When I was a little girl I'd crawl under the covers at night with a stolen flashlight and a library book to read quickly and hungrily, hoping against hope that I wouldn't be discovered. My brother, asleep in the bed across the room was all about music, but I was all words. My parents must have known what I was up to, but they turned a blind eye to my little habit, fostering in me a love for books and stories and the landscape of fiction as it played across my impressionable mind. I devoured books through High School, becoming the Editor in Chief of the monthly school newspaper and living words, layout and action shots. In college I stalked the halls of the Humanities building, reading everything I could find, sitting through lectures on poetry, short story, long fictions, art. I learned so much, it suffocated me a little bit. When I finally graduated with a degree in Creative Writing and a minor in Women's Studies I was so thick with thought and literary rules I couldn't read anything serious for years. And I couldn't write at all. I still managed to read, but it was magazines, popular fluff novels, the occasional short story; nothing that inspired my inner artist; she was just too tired, too slammed by the responsibility of writing well.
Now that I have children, the time I have to read is even more limited.

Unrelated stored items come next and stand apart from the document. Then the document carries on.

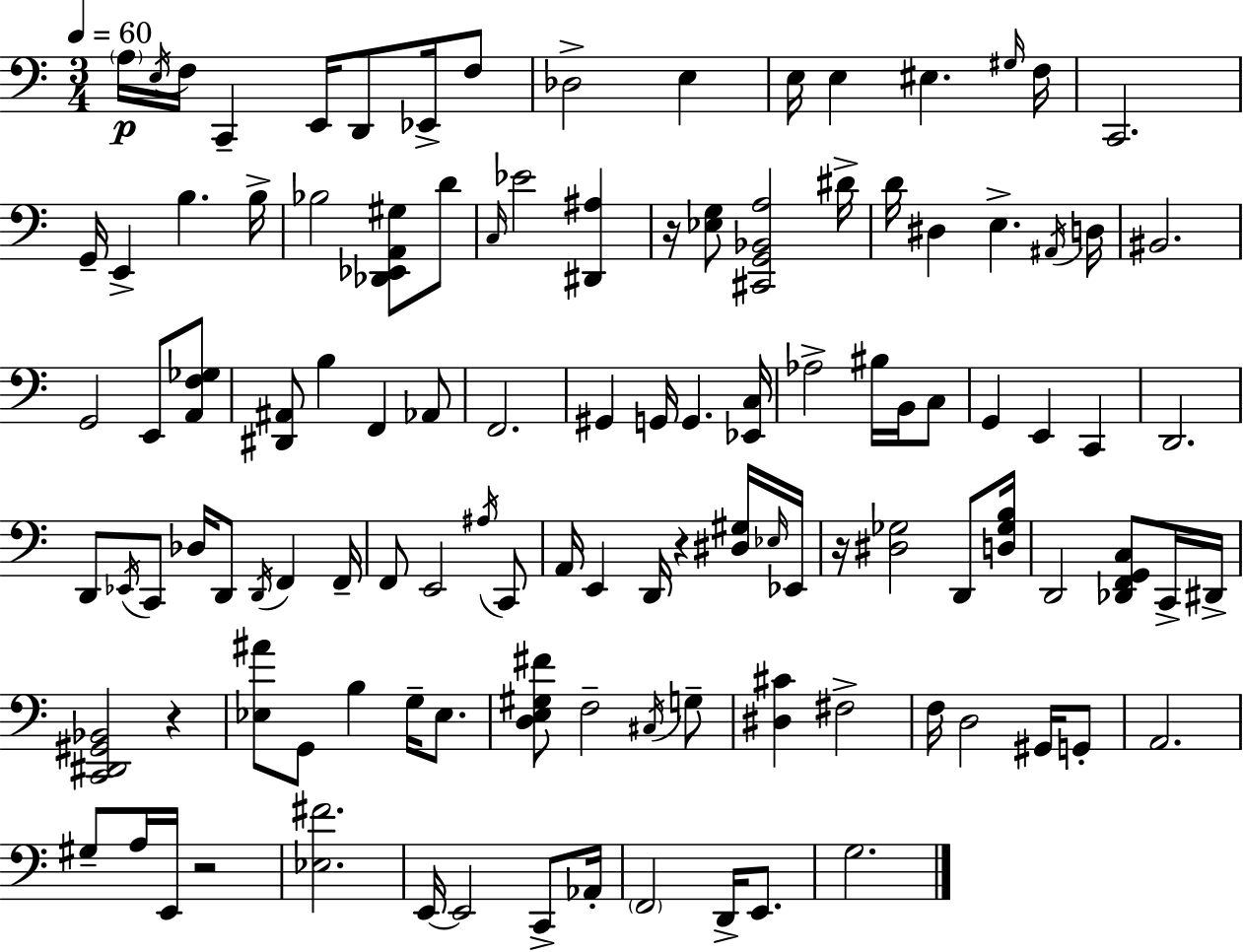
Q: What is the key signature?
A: A minor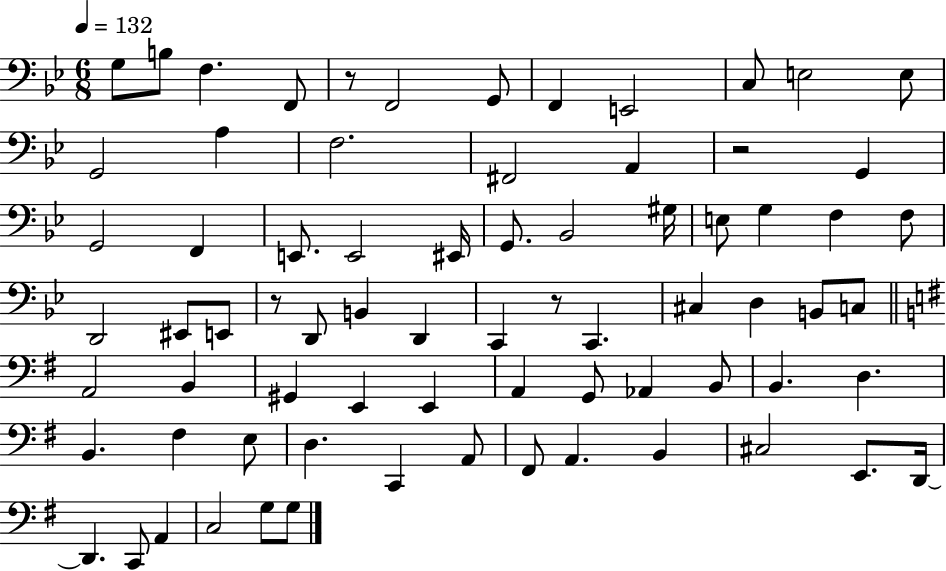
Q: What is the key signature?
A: BES major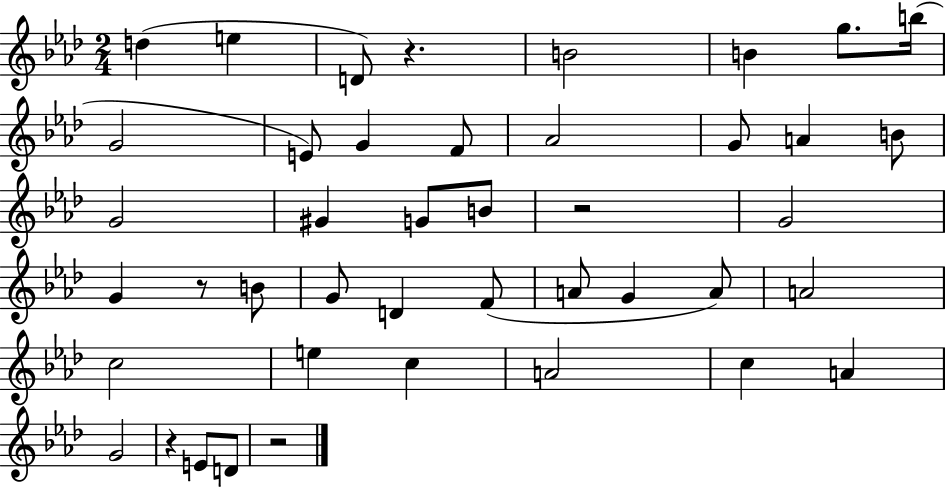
D5/q E5/q D4/e R/q. B4/h B4/q G5/e. B5/s G4/h E4/e G4/q F4/e Ab4/h G4/e A4/q B4/e G4/h G#4/q G4/e B4/e R/h G4/h G4/q R/e B4/e G4/e D4/q F4/e A4/e G4/q A4/e A4/h C5/h E5/q C5/q A4/h C5/q A4/q G4/h R/q E4/e D4/e R/h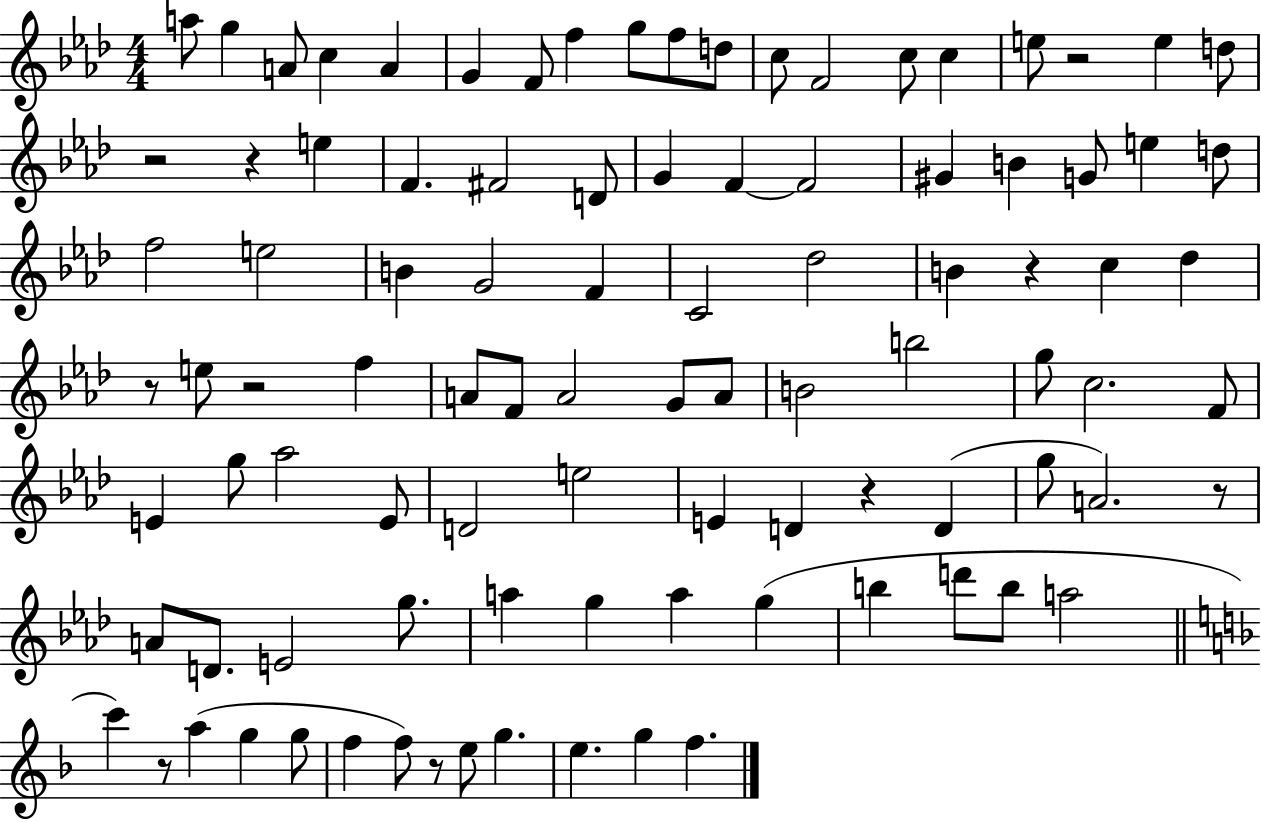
{
  \clef treble
  \numericTimeSignature
  \time 4/4
  \key aes \major
  a''8 g''4 a'8 c''4 a'4 | g'4 f'8 f''4 g''8 f''8 d''8 | c''8 f'2 c''8 c''4 | e''8 r2 e''4 d''8 | \break r2 r4 e''4 | f'4. fis'2 d'8 | g'4 f'4~~ f'2 | gis'4 b'4 g'8 e''4 d''8 | \break f''2 e''2 | b'4 g'2 f'4 | c'2 des''2 | b'4 r4 c''4 des''4 | \break r8 e''8 r2 f''4 | a'8 f'8 a'2 g'8 a'8 | b'2 b''2 | g''8 c''2. f'8 | \break e'4 g''8 aes''2 e'8 | d'2 e''2 | e'4 d'4 r4 d'4( | g''8 a'2.) r8 | \break a'8 d'8. e'2 g''8. | a''4 g''4 a''4 g''4( | b''4 d'''8 b''8 a''2 | \bar "||" \break \key d \minor c'''4) r8 a''4( g''4 g''8 | f''4 f''8) r8 e''8 g''4. | e''4. g''4 f''4. | \bar "|."
}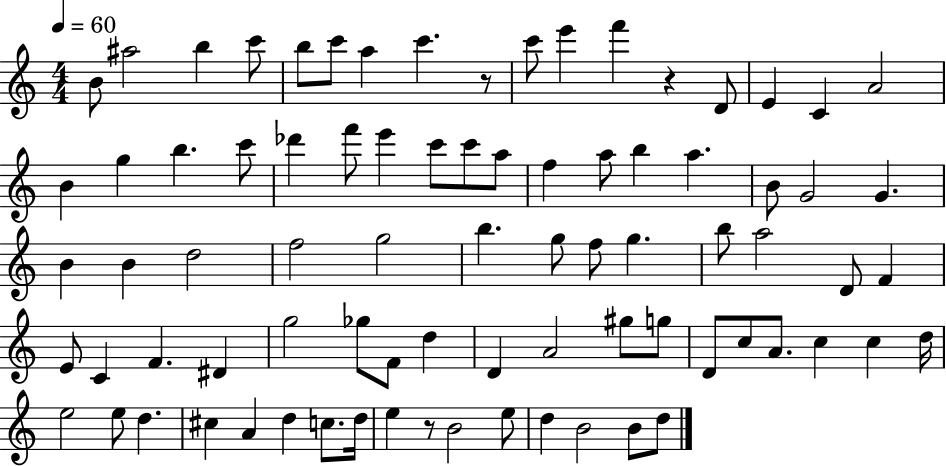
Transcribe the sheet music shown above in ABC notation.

X:1
T:Untitled
M:4/4
L:1/4
K:C
B/2 ^a2 b c'/2 b/2 c'/2 a c' z/2 c'/2 e' f' z D/2 E C A2 B g b c'/2 _d' f'/2 e' c'/2 c'/2 a/2 f a/2 b a B/2 G2 G B B d2 f2 g2 b g/2 f/2 g b/2 a2 D/2 F E/2 C F ^D g2 _g/2 F/2 d D A2 ^g/2 g/2 D/2 c/2 A/2 c c d/4 e2 e/2 d ^c A d c/2 d/4 e z/2 B2 e/2 d B2 B/2 d/2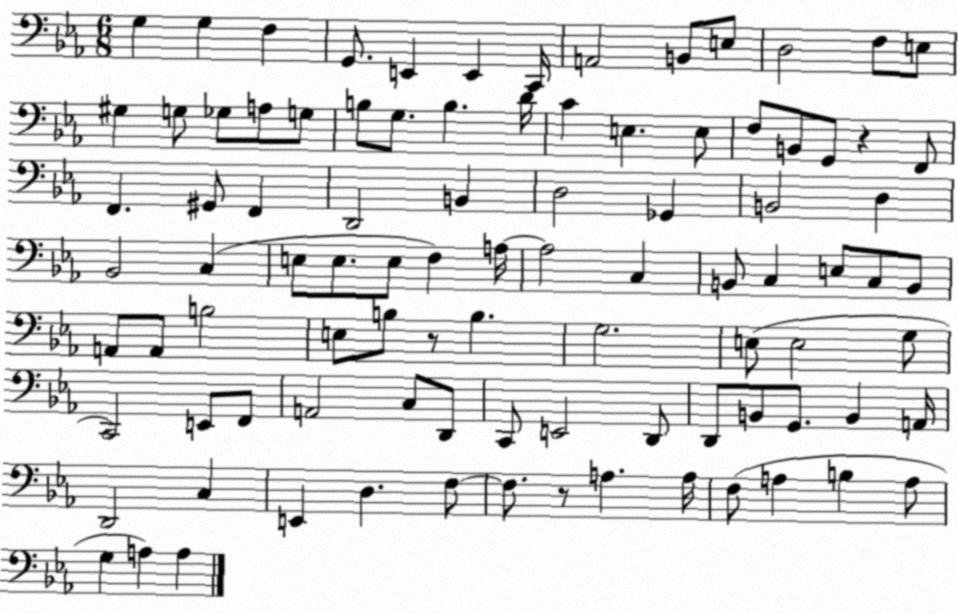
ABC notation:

X:1
T:Untitled
M:6/8
L:1/4
K:Eb
G, G, F, G,,/2 E,, E,, C,,/4 A,,2 B,,/2 E,/2 D,2 F,/2 E,/2 ^G, G,/2 _G,/2 A,/2 G,/2 B,/2 G,/2 B, D/4 C E, E,/2 F,/2 B,,/2 G,,/2 z F,,/2 F,, ^G,,/2 F,, D,,2 B,, D,2 _G,, B,,2 D, _B,,2 C, E,/2 E,/2 E,/2 F, A,/4 A,2 C, B,,/2 C, E,/2 C,/2 B,,/2 A,,/2 A,,/2 B,2 E,/2 B,/2 z/2 B, G,2 E,/2 E,2 G,/2 C,,2 E,,/2 F,,/2 A,,2 C,/2 D,,/2 C,,/2 E,,2 D,,/2 D,,/2 B,,/2 G,,/2 B,, A,,/4 D,,2 C, E,, D, F,/2 F,/2 z/2 A, A,/4 F,/2 A, B, A,/2 G, A, A,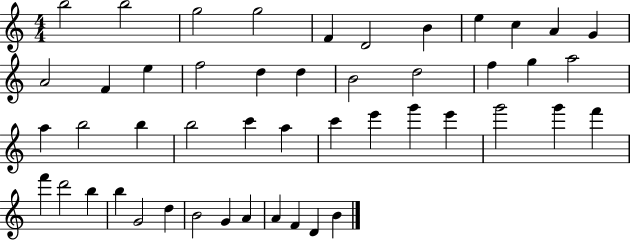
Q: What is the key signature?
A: C major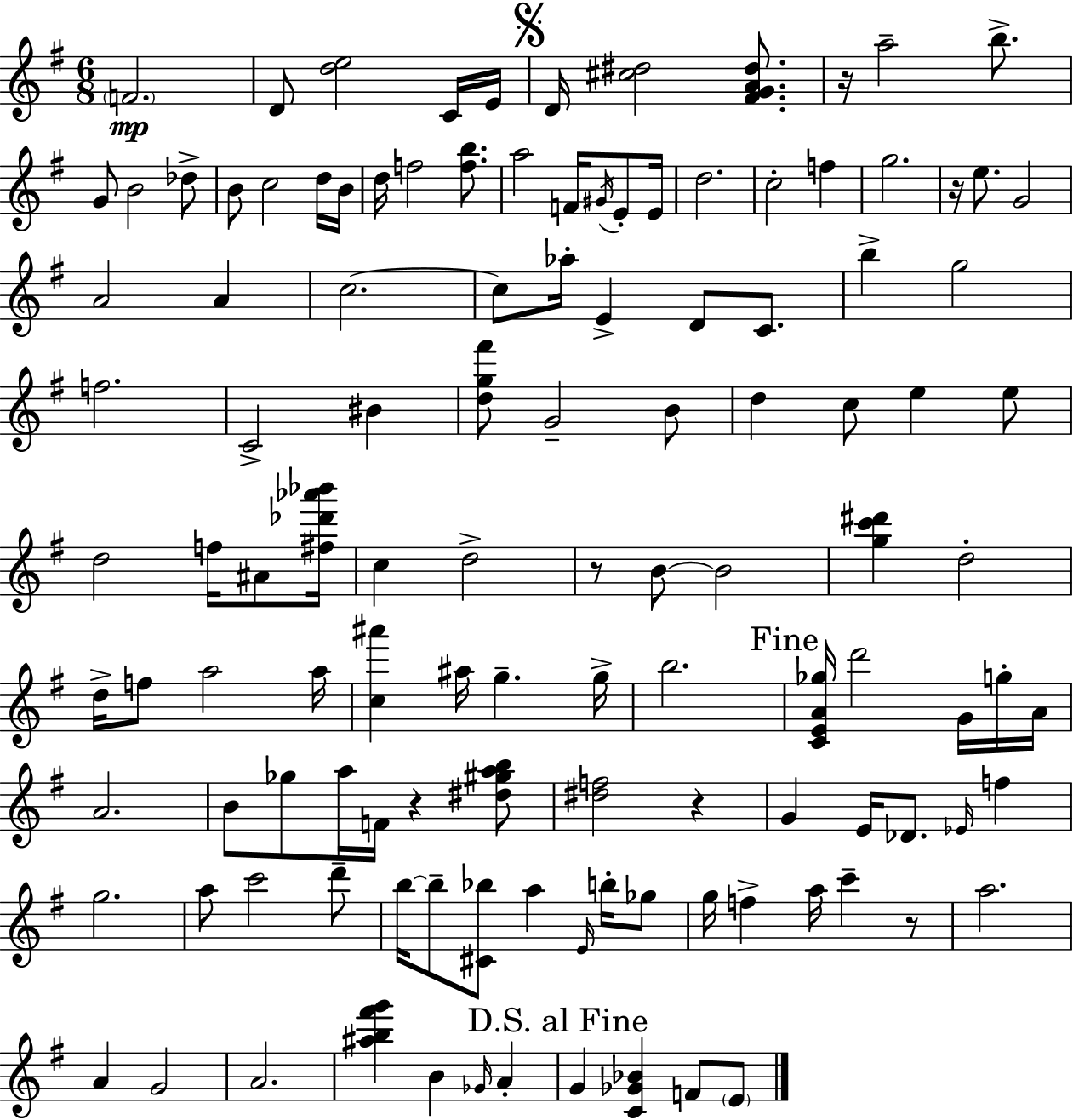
F4/h. D4/e [D5,E5]/h C4/s E4/s D4/s [C#5,D#5]/h [F#4,G4,A4,D#5]/e. R/s A5/h B5/e. G4/e B4/h Db5/e B4/e C5/h D5/s B4/s D5/s F5/h [F5,B5]/e. A5/h F4/s G#4/s E4/e E4/s D5/h. C5/h F5/q G5/h. R/s E5/e. G4/h A4/h A4/q C5/h. C5/e Ab5/s E4/q D4/e C4/e. B5/q G5/h F5/h. C4/h BIS4/q [D5,G5,F#6]/e G4/h B4/e D5/q C5/e E5/q E5/e D5/h F5/s A#4/e [F#5,Db6,Ab6,Bb6]/s C5/q D5/h R/e B4/e B4/h [G5,C6,D#6]/q D5/h D5/s F5/e A5/h A5/s [C5,A#6]/q A#5/s G5/q. G5/s B5/h. [C4,E4,A4,Gb5]/s D6/h G4/s G5/s A4/s A4/h. B4/e Gb5/e A5/s F4/s R/q [D#5,G#5,A5,B5]/e [D#5,F5]/h R/q G4/q E4/s Db4/e. Eb4/s F5/q G5/h. A5/e C6/h D6/e B5/s B5/e [C#4,Bb5]/e A5/q E4/s B5/s Gb5/e G5/s F5/q A5/s C6/q R/e A5/h. A4/q G4/h A4/h. [A#5,B5,F#6,G6]/q B4/q Gb4/s A4/q G4/q [C4,Gb4,Bb4]/q F4/e E4/e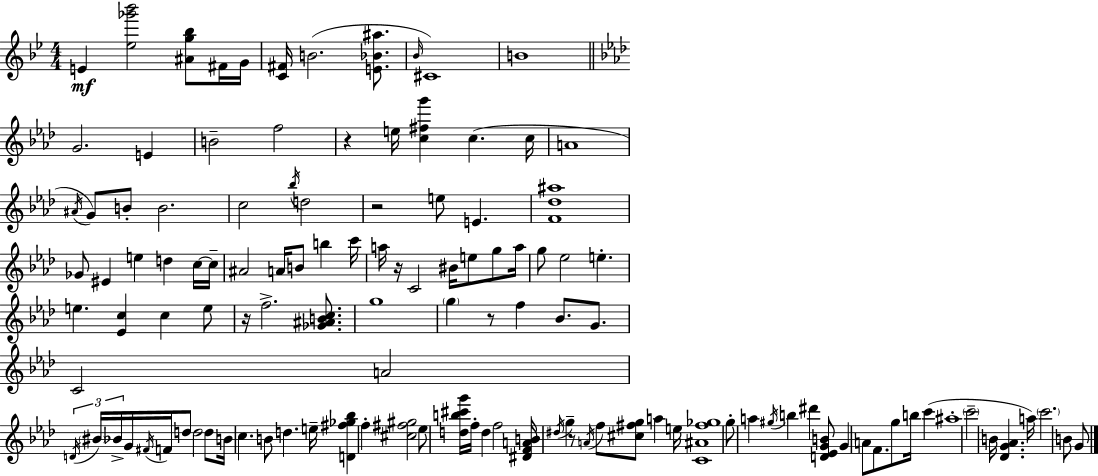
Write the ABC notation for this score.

X:1
T:Untitled
M:4/4
L:1/4
K:Gm
E [_e_g'_b']2 [^Ag_b]/2 ^F/4 G/4 [C^F]/4 B2 [E_B^a]/2 _B/4 ^C4 B4 G2 E B2 f2 z e/4 [c^fg'] c c/4 A4 ^A/4 G/2 B/2 B2 c2 _b/4 d2 z2 e/2 E [F_d^a]4 _G/2 ^E e d c/4 c/4 ^A2 A/4 B/2 b c'/4 a/4 z/4 C2 ^B/4 e/2 g/2 a/4 g/2 _e2 e e [_Ec] c e/2 z/4 f2 [_G^ABc]/2 g4 g z/2 f _B/2 G/2 C2 A2 D/4 ^B/4 _B/4 G/4 ^F/4 F/4 d/2 d2 d/2 B/4 c B/2 d e/4 [D^f_g_b] f [^c^f^g]2 _e/2 [db^c'g']/4 f/4 d f2 [^DFAB]/4 ^d/4 g z/2 A/4 f/2 [^c^fg]/2 a e/4 [C^A^f_g]4 g/2 a ^g/4 b ^d' [D_EGB]/2 G A/2 F/2 g/2 b/4 c' ^a4 c'2 B/4 [_DG_A] a/4 c'2 B/2 G/2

I've been struggling through Wicked reading only a few pages at a time, caught up in the story but continuously interrupted by my nursling who is wild with discomfort now that her teeth are coming in, or distracted by my toddler as she turns summersaults in the hallways. In some ways, I am still on a reading diet: small sips and tiny bites. But lately, I am gluttonous for more. I want to loose myself in the Time Traveler's journey or sink into the life of those suitors of the Little Chinese Seamstress or even run wild on the mountains that Prodigal Summer.
And I'm getting my fill. My secret is simple (and I'm happy to share!): my local library and audio books. These days, I listen in the car while we go from here to there or while sitting in a shady spot, both girls asleep in their seats. I itch to go anywhere, just so I can be taken across the sea or learn more about why American needs a major overhaul. I am falling in love with Barbara Kingsolver and am intently studying her voice: fluid and gentle and like someone I would love to sit and talk to while we work a garden plot. I am finding that there is so much more I need to know and am once again hungry to swallow the words that fill me with action, hope and passion. I am writing again, tenderly getting my feet wet here and on Mama Says Om. I am not creating more than I did in college, but what I am creating is infinitely more interesting and speaks to my own heart.
It's a lot like falling in love again. I just have to hope we never suffer another lover's spat.